19.05.2025 14:52
The European Commission has updated its economic outlook for the Eurozone and Turkey. Due to trade tensions with the United States, it has lowered the Eurozone's growth forecast for this year from 1.3% to 0.9%. It was noted that a continued decrease in inflation is expected in Turkey.
The European Commission (EC) has revised its economic growth forecast for the Eurozone this year from 1.3% to 0.9% and for next year from 1.6% to 1.4%, following trade tensions with the United States. The EC's report titled "European Economic Forecasts Spring 2025" has been published. In the report titled "Moderate Growth in a Global Economic Uncertainty Environment," it was noted that the EU economy started on a stronger footing than previously anticipated for 2025, that growth would continue moderately this year, and that despite increasing global political uncertainty and trade tensions, growth is expected to accelerate somewhat in 2026.
GROWTH EXPECTATIONS FOR THE EU ECONOMY HAVE DECLINED
The report forecasts that the EU economy will grow by 1.1% in 2025 and 1.5% in 2026, while the Eurozone economy is expected to grow by 0.9% in 2025 and 1.4% in 2026. In the previous "autumn" report from the EC, it was predicted that the EU would grow by 1.5% in 2025 and 1.8% in 2026, while the Eurozone was expected to grow by 1.3% in 2025 and 1.6% in 2026. With the latest report, the EU's growth forecasts for 2025 and 2026 have been revised downward. The growth forecast for the Eurozone has also been reduced by 0.4% for 2025 and 0.2% for 2026.

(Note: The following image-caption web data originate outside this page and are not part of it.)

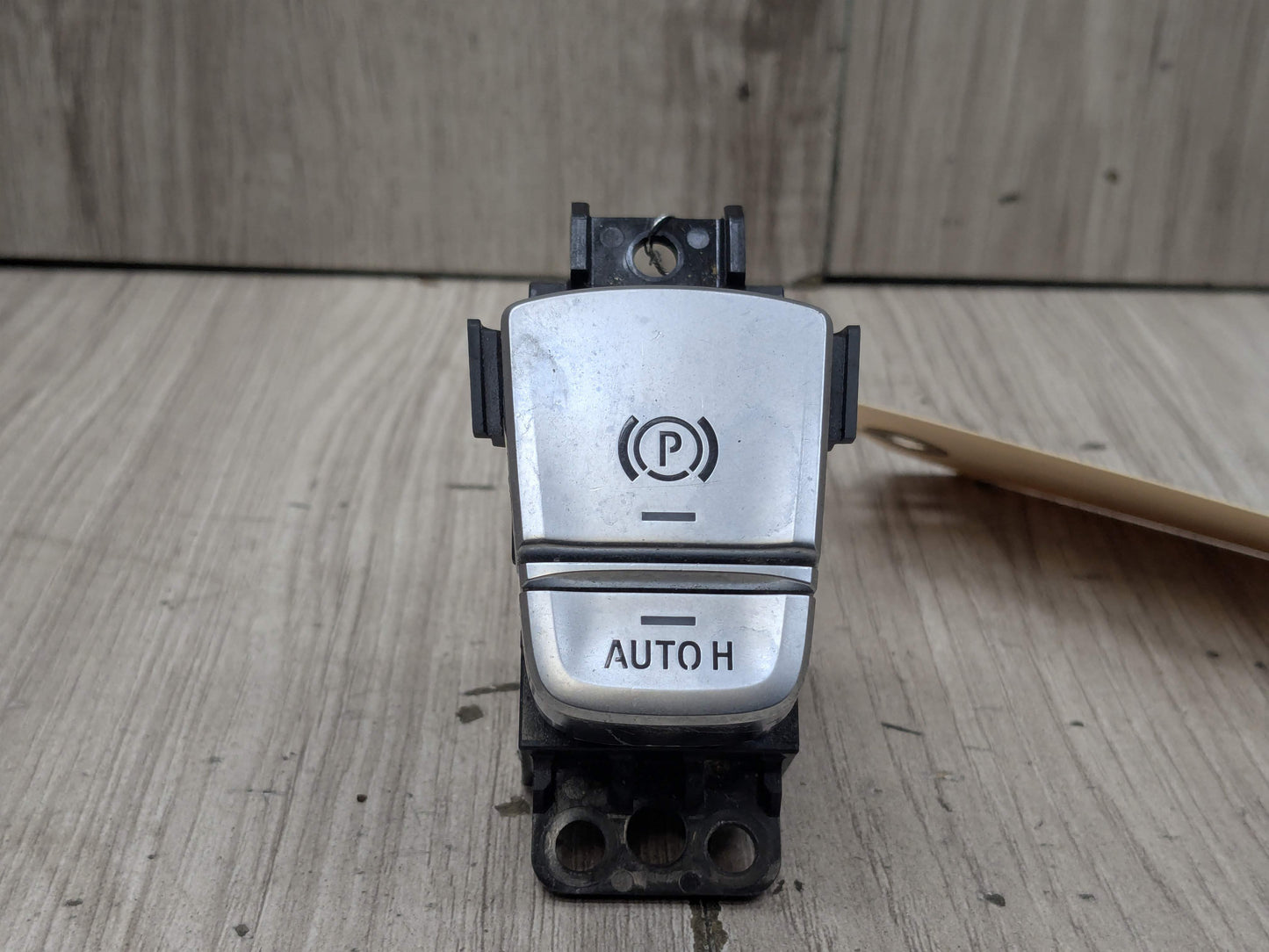 16-2 OEM BMW G11 G12 740 750 M760 Parking Brake Auto Hold Switch Trim Cover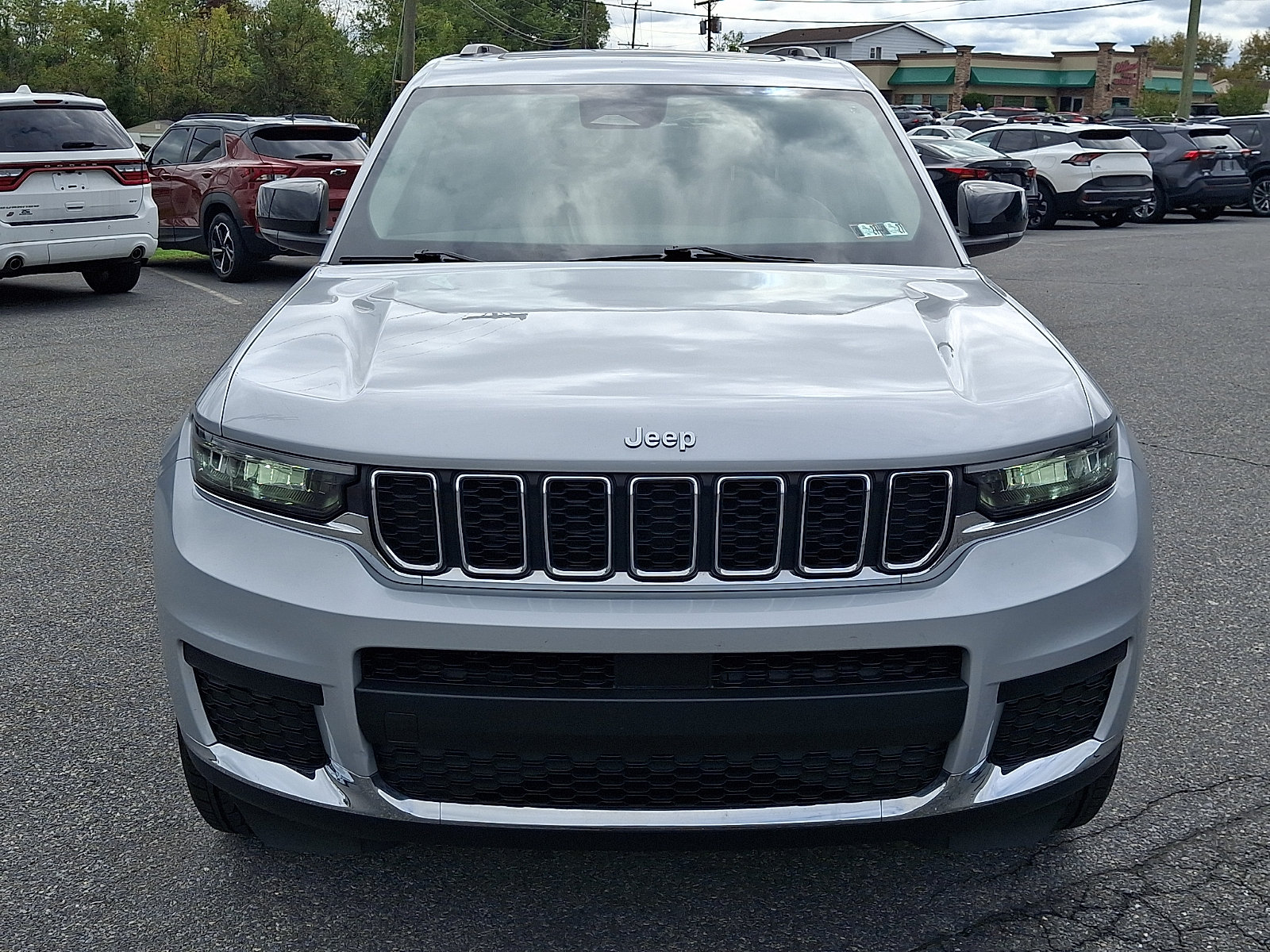 Used 2023 Jeep Grand Cherokee L Laredo w/ Luxury Tech Group I AWD/4WD image 2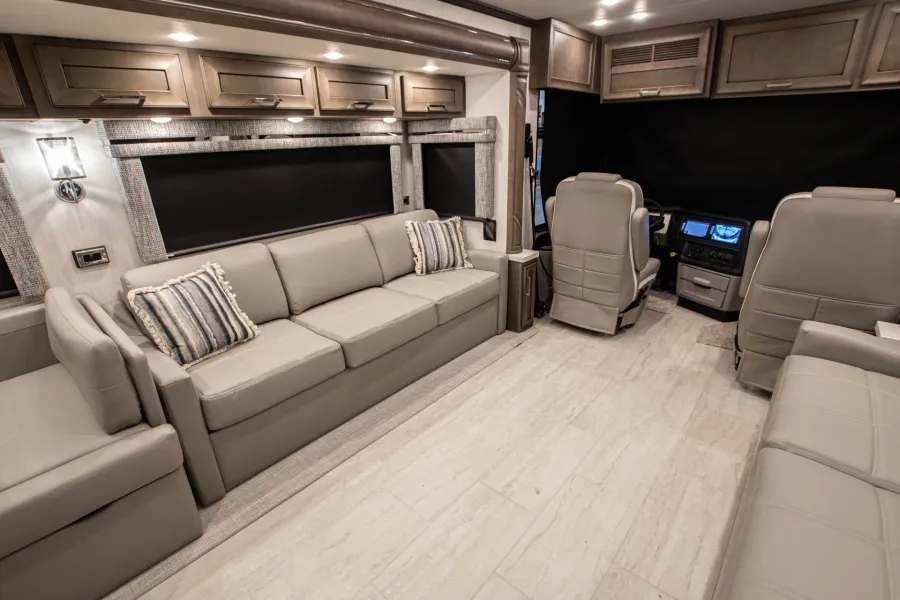 2026 Newmar Ventana 4369 | Photo 8 of 25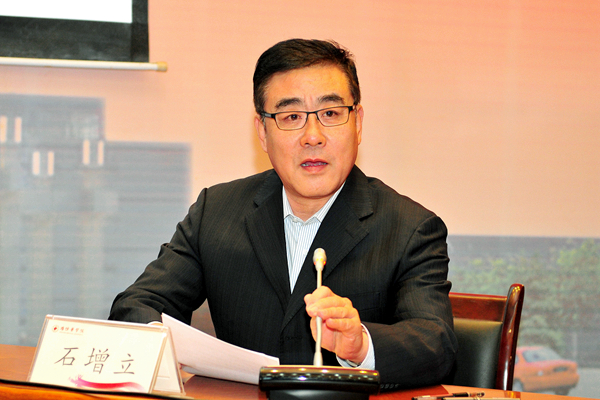 校党委书记石增立主持报告会 校党委书记石增立主持报告会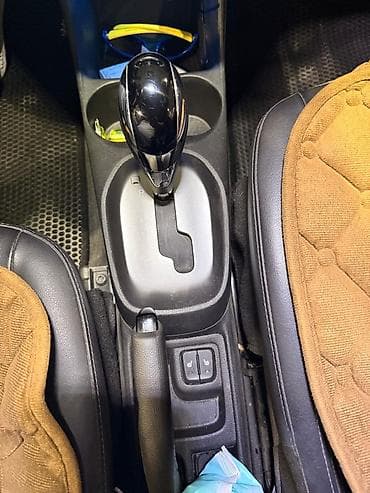 шевроле трекер: Chevrolet Spark: 2015 г., 1 л, Автомат, Бензин, Хэтчбэк — 5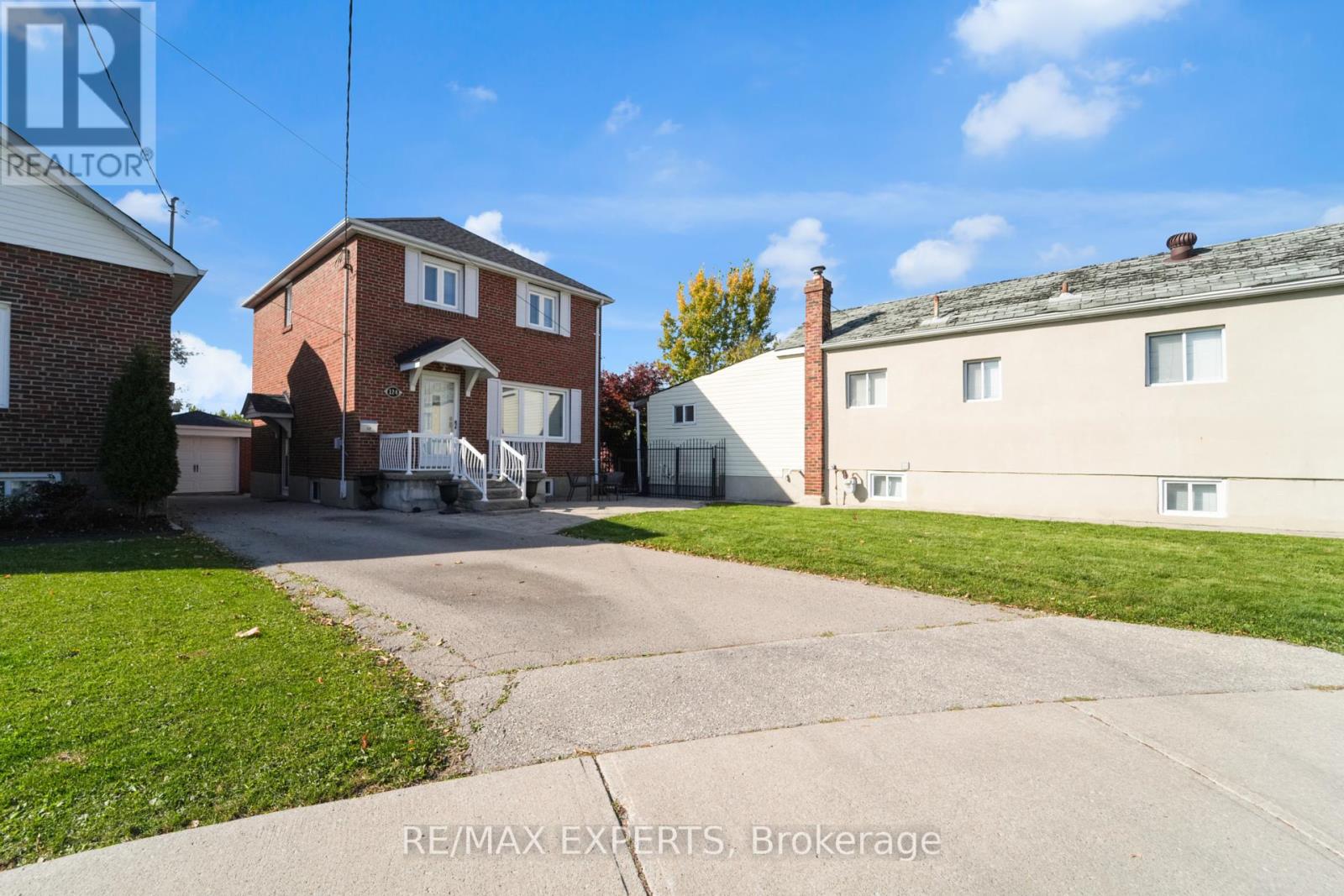 124 Spears Street, Toronto, Ontario  M6N 3X7 - Photo 3 - W12015799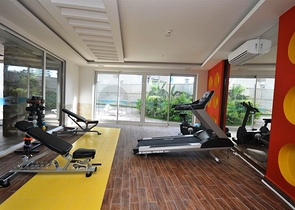 شقة بتخطيط 1+1 ضمن مجمع مميز في منطقة محمودلار – ألانيا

GERMANY WILL NOT GROW AT ALL
The report states, "In today's forecast, the growth outlook has been significantly revised downward. This is due to the weakening global trade outlook and high uncertainty regarding trade policy." It is predicted that Austria will shrink by 0.3% this year, Germany will not grow, while France is expected to grow by 0.6%, Italy by 0.7%, and Spain by 2.6%. For next year, it is forecasted that Germany will grow by 1.1%, France by 1.3%, Italy by 0.9%, and Spain by 2%. The report also indicates that inflation is expected to be 2.3% in the EU and 2.1% in the Eurozone this year, and that the inflation rate is predicted to decrease to 1.9% in the EU and 1.7% in the Eurozone by 2026.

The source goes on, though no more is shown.